Closed CoCoNuTeK closed 2 weeks ago
@CoCoNuTeK assuming the callback is from HF transformers, this is a question more for https://huggingface.co/docs/transformers/en/main_classes/callback
I guess you're right about checkpoint-1000, not sure about checkpoint-final, but my guess is it contains the model from the step where it decided to stop training.

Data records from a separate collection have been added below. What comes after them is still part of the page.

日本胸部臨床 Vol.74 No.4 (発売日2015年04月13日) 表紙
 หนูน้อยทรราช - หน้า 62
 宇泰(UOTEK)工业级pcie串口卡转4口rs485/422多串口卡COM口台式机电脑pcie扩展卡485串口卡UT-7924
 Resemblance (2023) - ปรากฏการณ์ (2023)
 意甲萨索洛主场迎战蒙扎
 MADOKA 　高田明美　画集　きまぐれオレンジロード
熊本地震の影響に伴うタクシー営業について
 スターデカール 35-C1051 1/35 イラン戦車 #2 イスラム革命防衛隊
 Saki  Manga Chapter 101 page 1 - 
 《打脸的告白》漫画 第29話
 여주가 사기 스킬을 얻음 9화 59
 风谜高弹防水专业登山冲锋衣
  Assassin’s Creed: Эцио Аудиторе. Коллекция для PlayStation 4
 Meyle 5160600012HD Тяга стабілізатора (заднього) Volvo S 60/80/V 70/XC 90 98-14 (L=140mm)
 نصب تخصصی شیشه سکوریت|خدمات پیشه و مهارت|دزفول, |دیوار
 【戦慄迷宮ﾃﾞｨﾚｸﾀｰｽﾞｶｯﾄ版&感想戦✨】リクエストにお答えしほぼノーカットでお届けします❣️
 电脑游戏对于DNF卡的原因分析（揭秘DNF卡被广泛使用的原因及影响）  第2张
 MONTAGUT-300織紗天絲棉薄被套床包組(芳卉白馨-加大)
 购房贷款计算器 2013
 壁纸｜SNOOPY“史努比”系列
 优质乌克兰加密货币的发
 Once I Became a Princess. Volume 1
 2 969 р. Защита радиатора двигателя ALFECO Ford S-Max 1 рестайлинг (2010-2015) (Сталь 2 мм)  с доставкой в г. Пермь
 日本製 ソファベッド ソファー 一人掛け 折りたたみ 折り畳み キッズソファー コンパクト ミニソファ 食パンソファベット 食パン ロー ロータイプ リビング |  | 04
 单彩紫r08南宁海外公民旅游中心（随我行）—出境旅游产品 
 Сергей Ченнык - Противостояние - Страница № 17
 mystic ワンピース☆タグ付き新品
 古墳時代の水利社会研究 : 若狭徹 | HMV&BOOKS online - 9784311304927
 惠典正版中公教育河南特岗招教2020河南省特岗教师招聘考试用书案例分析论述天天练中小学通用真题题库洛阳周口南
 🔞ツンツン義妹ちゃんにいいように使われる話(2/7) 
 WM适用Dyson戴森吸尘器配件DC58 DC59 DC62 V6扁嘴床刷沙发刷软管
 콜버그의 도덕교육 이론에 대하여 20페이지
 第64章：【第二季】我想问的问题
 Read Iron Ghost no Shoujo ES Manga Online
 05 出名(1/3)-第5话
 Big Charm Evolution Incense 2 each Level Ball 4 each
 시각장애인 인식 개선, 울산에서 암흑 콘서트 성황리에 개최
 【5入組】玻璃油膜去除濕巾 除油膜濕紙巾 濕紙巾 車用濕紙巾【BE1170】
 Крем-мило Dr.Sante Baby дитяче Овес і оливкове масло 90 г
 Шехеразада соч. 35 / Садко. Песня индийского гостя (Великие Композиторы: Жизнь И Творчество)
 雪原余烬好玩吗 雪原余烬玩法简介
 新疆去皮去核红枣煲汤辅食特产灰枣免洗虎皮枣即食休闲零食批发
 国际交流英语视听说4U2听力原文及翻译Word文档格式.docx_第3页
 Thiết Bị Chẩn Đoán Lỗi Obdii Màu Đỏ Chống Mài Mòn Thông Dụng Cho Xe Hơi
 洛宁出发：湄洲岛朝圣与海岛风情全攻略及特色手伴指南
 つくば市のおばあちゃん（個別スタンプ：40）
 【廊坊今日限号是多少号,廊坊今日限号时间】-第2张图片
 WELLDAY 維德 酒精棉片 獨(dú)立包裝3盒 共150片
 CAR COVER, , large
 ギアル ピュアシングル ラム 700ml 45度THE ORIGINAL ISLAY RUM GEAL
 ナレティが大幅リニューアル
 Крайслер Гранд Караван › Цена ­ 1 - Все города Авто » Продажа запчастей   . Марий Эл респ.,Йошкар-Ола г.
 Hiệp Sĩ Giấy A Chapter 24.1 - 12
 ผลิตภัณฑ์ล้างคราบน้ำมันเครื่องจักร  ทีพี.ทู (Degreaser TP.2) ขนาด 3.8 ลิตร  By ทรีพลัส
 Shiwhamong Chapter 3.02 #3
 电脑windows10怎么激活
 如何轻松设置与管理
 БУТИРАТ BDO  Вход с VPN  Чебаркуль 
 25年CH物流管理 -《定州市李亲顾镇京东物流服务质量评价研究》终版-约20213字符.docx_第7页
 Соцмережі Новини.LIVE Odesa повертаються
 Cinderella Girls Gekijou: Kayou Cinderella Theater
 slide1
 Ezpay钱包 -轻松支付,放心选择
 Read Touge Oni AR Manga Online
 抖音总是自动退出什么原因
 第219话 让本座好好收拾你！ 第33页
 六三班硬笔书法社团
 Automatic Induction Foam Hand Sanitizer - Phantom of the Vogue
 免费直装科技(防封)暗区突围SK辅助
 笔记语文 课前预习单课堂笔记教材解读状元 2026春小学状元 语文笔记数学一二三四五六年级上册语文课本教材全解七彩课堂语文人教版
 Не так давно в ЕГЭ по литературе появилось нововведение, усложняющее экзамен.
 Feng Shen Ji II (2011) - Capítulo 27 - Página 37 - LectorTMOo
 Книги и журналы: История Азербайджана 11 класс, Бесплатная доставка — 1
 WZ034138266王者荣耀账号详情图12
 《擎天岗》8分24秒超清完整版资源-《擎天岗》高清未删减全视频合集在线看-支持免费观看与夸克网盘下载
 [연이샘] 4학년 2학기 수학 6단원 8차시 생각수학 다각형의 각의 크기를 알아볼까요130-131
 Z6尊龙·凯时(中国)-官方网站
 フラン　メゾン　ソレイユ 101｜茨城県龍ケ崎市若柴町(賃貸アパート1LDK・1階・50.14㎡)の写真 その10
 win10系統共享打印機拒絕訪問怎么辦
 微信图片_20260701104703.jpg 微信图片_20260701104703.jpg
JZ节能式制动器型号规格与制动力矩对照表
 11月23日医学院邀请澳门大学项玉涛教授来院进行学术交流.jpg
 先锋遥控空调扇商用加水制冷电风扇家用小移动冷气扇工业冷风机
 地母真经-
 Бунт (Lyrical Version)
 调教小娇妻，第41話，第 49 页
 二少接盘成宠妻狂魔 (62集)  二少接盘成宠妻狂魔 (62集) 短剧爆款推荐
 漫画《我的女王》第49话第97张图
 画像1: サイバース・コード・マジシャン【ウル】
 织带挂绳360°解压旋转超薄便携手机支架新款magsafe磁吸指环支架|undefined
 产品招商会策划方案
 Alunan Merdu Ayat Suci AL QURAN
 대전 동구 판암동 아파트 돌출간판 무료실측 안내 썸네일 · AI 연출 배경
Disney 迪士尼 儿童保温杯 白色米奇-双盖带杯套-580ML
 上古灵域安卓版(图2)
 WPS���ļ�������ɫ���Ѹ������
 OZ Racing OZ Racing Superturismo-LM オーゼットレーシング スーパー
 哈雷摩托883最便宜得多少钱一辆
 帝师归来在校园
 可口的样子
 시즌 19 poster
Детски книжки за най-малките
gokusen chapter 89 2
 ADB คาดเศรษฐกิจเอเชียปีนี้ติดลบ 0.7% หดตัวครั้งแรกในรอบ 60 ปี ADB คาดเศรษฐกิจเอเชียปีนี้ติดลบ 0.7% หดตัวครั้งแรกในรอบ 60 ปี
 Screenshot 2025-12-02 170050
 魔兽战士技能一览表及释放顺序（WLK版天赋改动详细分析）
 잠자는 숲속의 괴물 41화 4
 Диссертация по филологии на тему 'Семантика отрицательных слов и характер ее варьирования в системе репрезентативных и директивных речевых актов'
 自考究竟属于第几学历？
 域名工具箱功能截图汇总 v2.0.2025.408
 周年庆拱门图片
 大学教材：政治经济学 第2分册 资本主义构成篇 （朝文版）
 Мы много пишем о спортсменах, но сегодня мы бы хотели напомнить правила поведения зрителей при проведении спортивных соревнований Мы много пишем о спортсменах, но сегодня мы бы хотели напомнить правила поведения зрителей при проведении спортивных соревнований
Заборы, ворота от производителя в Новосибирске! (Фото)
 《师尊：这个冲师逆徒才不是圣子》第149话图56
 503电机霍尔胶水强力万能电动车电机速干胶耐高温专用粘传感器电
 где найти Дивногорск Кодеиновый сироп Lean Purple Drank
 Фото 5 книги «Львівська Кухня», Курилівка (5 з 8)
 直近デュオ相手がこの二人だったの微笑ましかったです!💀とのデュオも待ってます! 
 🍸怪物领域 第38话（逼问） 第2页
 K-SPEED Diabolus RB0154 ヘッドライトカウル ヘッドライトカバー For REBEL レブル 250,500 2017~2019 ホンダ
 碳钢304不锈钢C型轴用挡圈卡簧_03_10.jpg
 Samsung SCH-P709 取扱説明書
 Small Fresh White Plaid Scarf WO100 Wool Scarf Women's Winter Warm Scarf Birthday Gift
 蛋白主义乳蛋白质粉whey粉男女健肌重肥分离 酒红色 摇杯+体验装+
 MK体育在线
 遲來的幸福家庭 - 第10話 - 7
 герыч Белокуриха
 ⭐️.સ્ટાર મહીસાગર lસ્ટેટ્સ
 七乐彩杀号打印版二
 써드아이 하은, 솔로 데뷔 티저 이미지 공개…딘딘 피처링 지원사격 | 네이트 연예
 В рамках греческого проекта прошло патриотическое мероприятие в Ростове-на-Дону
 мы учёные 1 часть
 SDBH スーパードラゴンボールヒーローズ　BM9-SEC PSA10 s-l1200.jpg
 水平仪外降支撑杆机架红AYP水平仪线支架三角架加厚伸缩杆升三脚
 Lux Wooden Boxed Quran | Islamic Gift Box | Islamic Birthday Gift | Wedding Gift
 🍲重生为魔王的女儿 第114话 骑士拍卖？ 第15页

Yeah when i set the log_level="info" i saw both the eval step and the train step logged so thats not the issue, however i am pretty sure its not training on all the data i put in ,because the .arrow file contains arround 100K sequences(time series) in another words this loads
train_datasets = [
Filter(
partial(
has_enough_observations,
min_length=min_past + prediction_length,
max_missing_prop=max_missing_prop,
),
FileDataset(path=Path(data_path), freq="h"),
)
for data_path in training_data_paths
]
arround 130K time series the FileDataset(path=Path(data_path), freq="h"), i only have one data_path I looked into the train.py code multiple times but i cant find if there is some reduction used
this is the console print
***** Running training *****
Num examples = 640
Num Epochs = 9,223,372,036,854,775,807
Instantaneous batch size per device = 64
Total train batch size (w. parallel, distributed & accumulation) = 64
Gradient Accumulation steps = 1
Total optimization steps = 10
Number of trainable parameters = 8,394,496
Or is it because i need to set up the total batch size somewhere to be higher?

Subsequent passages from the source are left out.